UNITED STATES
SECURITIES AND EXCHANGE COMMISSION
WASHINGTON, DC 20549
FORM 8-K
CURRENT REPORT Pursuant
to Section 13 or 15(d) of the
Securities Exchange Act of 1934
Date of Report (Date of earliest event reported): September 1, 2023
OFFICE PROPERTIES INCOME TRUST
(Exact Name of Registrant as Specified in Its Charter)
Maryland
(State or Other Jurisdiction of Incorporation)
001-34364 | | 26-4273474 |
(Commission File Number) | | (IRS Employer Identification No.) |
Two Newton Place, 255 Washington Street, Suite 300, Newton, Massachusetts 02458-1634
(Address of Principal Executive Offices) (Zip Code)
617-219-1440
(Registrant's Telephone Number, Including Area Code)
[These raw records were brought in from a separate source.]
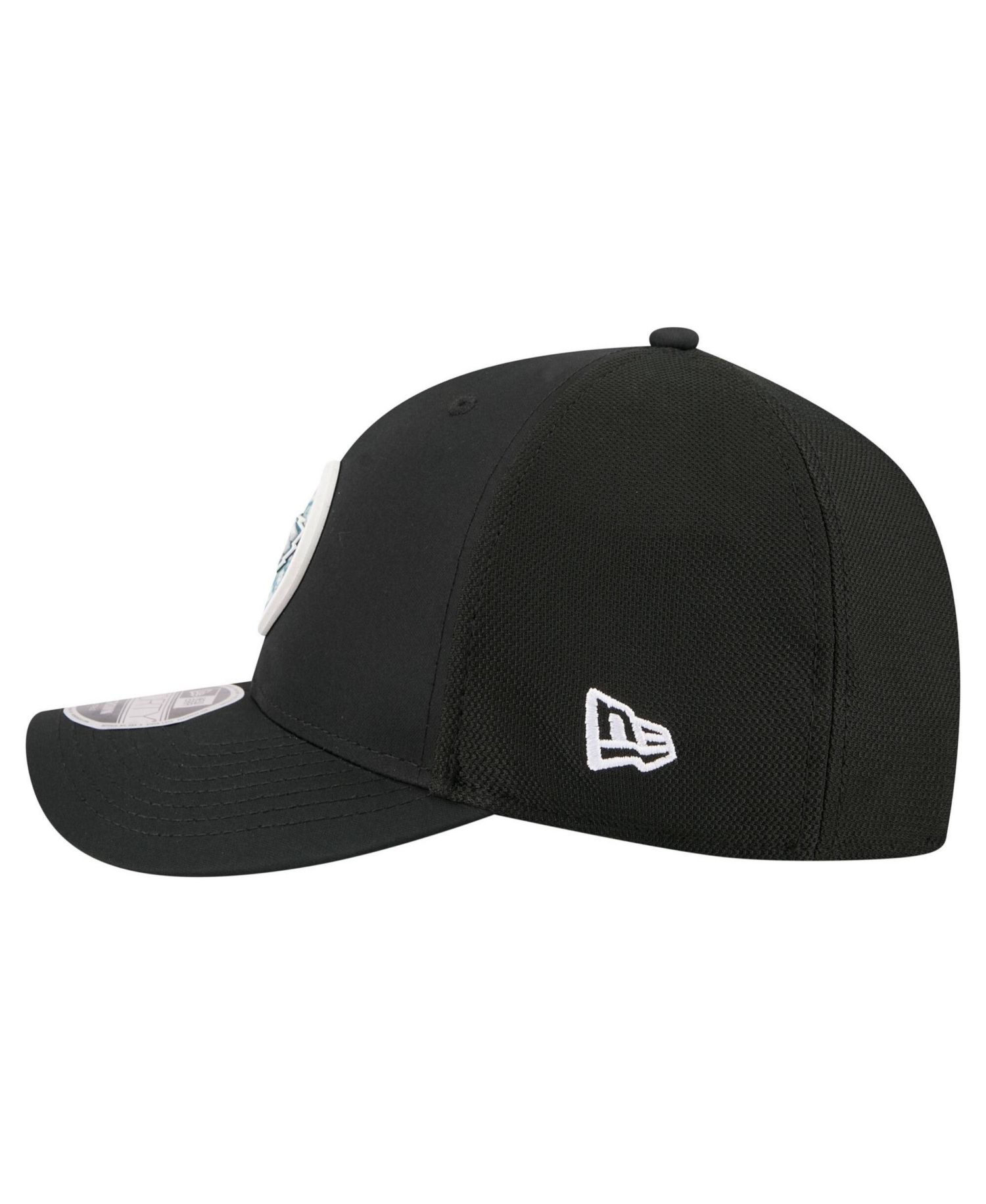 Men's Black Philadelphia Eagles Floral 9FORTY M-Crown Trucker Adjustable Hat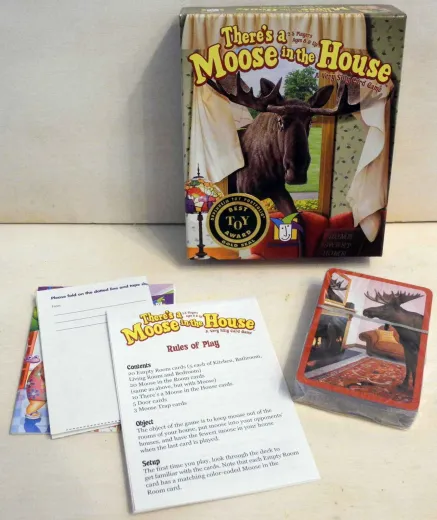 There's a Moose in the House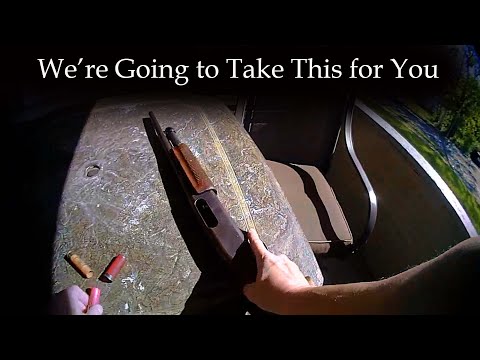 Officers take Shotgun from man who is Hallucinating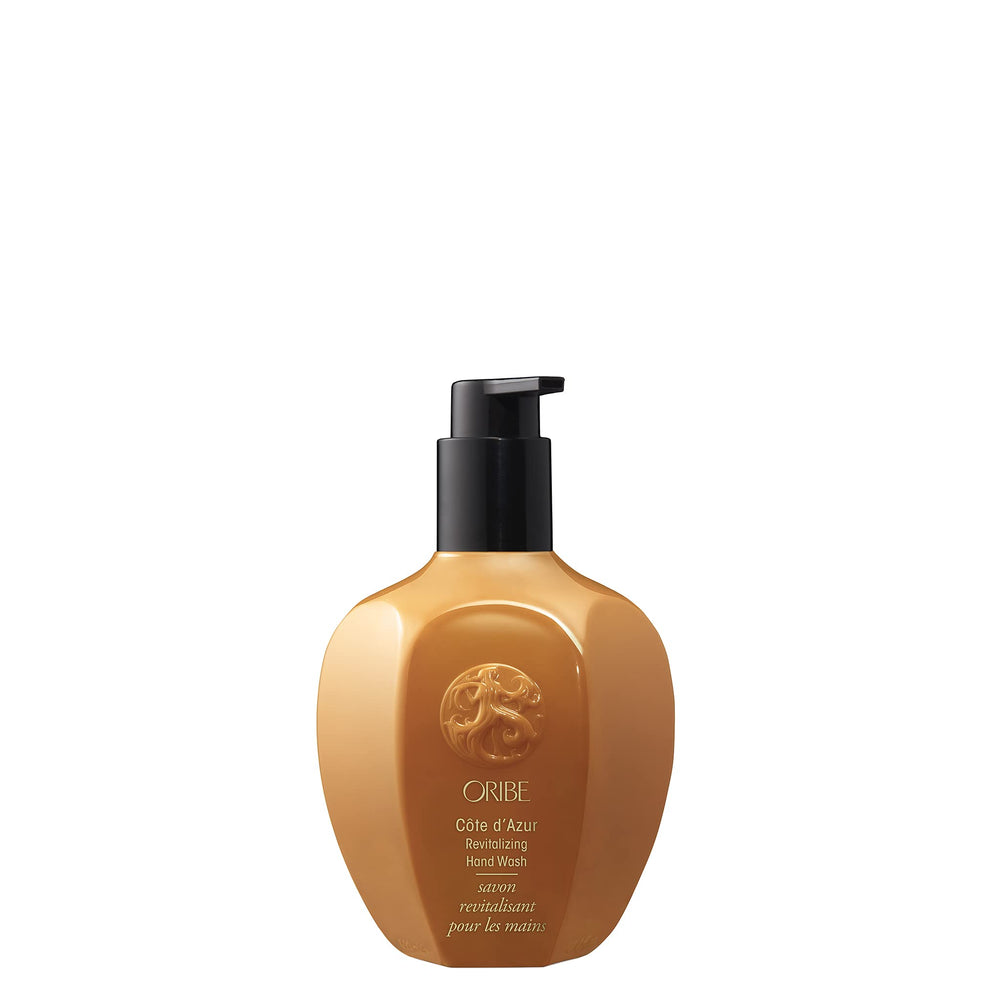 Oribe Cote d’Azur lavado de manos en botella para suavidad duradera.
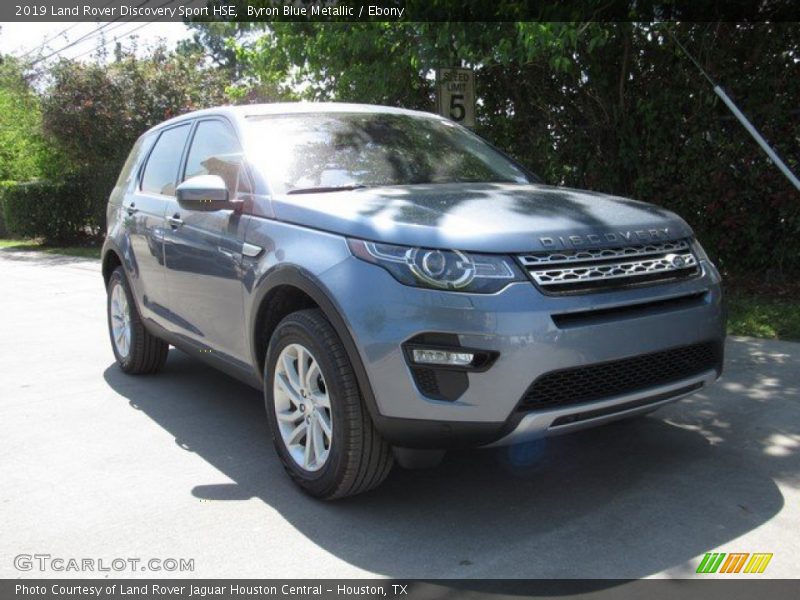 Byron Blue Metallic / Ebony 2019 Land Rover Discovery Sport HSE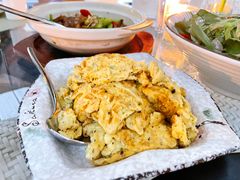 黑松露炒鸡蛋-T館·花园艺术餐厅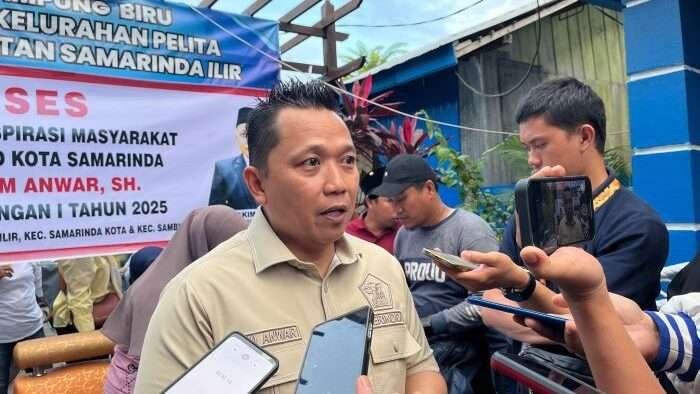 Ketua Komisi III DPRD Kota Samarinda, Deni Hakim Anwar. Foto: BorneoFlash/Nur Ainunnisa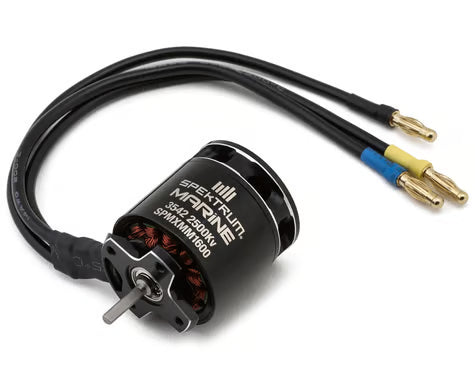 Spektrum RC Firma 3542 10-Pole Brushless Outrunner Motor (2500kV) For Pro Boat Sonicwake 24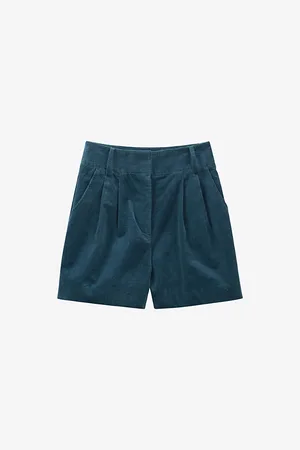 IKKS High-rise Stretch-corduroy Shorts
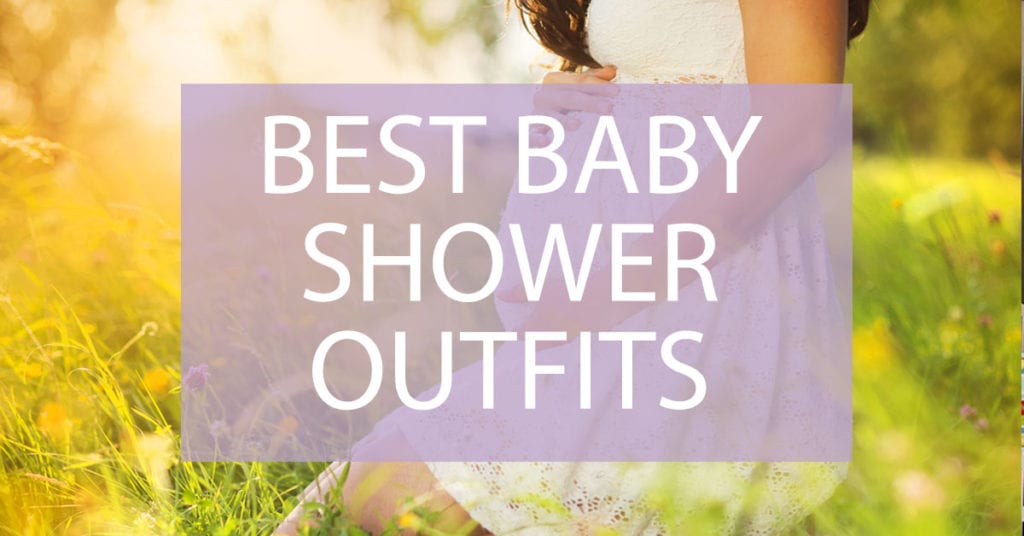 what to wear to your baby shower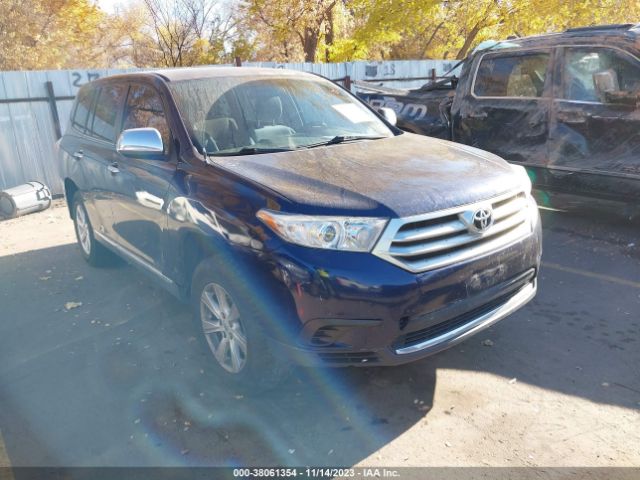 Photo 0 VIN: 5TDZA3EH0CS023980 - TOYOTA HIGHLANDER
Check the appropriate box below if the Form 8-K filing is intended to simultaneously satisfy the filing obligation of the registrant under any of the following provisions:
| ¨ | Written communications pursuant to Rule 425 under the Securities Act (17 CFR 230.425) |
| ¨ | Soliciting material pursuant to Rule 14a-12 under the Exchange Act (17 CFR 240.14a-12) |
| ¨ | Pre-commencement communications pursuant to Rule 14d-2(b) under the Exchange Act (17 CFR 240.14d-2(b)) |
| ¨ | Pre-commencement communications pursuant to Rule 13e-4(c) under the Exchange Act (17 CFR 240.13e-4(c)) |
Securities registered pursuant to Section 12(b) of the Act:
Title Of Each Class | | Trading Symbol(s) | | Name Of Each Exchange On Which Registered |
Common Shares of Beneficial Interest | | OPI | | The Nasdaq Stock Market LLC |
6.375% Senior Notes due 2050 | | OPINL | | The Nasdaq Stock Market LLC |
Indicate by check mark whether the registrant is an emerging growth company as defined in Rule 405 of the Securities Act of 1933 (§230.405 of this chapter) or Rule 12b-2 of the Securities Exchange Act of 1934 (§240.12b-2 of this chapter).
Emerging growth company ¨
If an emerging growth company, indicate by check mark if the registrant has elected not to use the extended transition period for complying with any new or revised financial accounting standards provided pursuant to Section 13(a) of the Exchange Act. ¨
In this Current Report on Form 8-K, the terms “we”, “us” and “our” refer to Office Properties Income Trust, and the term “DHC” refers to Diversified Healthcare Trust.
Item 1.01. Entry Into a Material Definitive Agreement.
The disclosure set forth below under Item 1.02 of this Current Report on Form 8-K is incorporated by reference herein.
Item 1.02. Termination of a Material Definitive Agreement.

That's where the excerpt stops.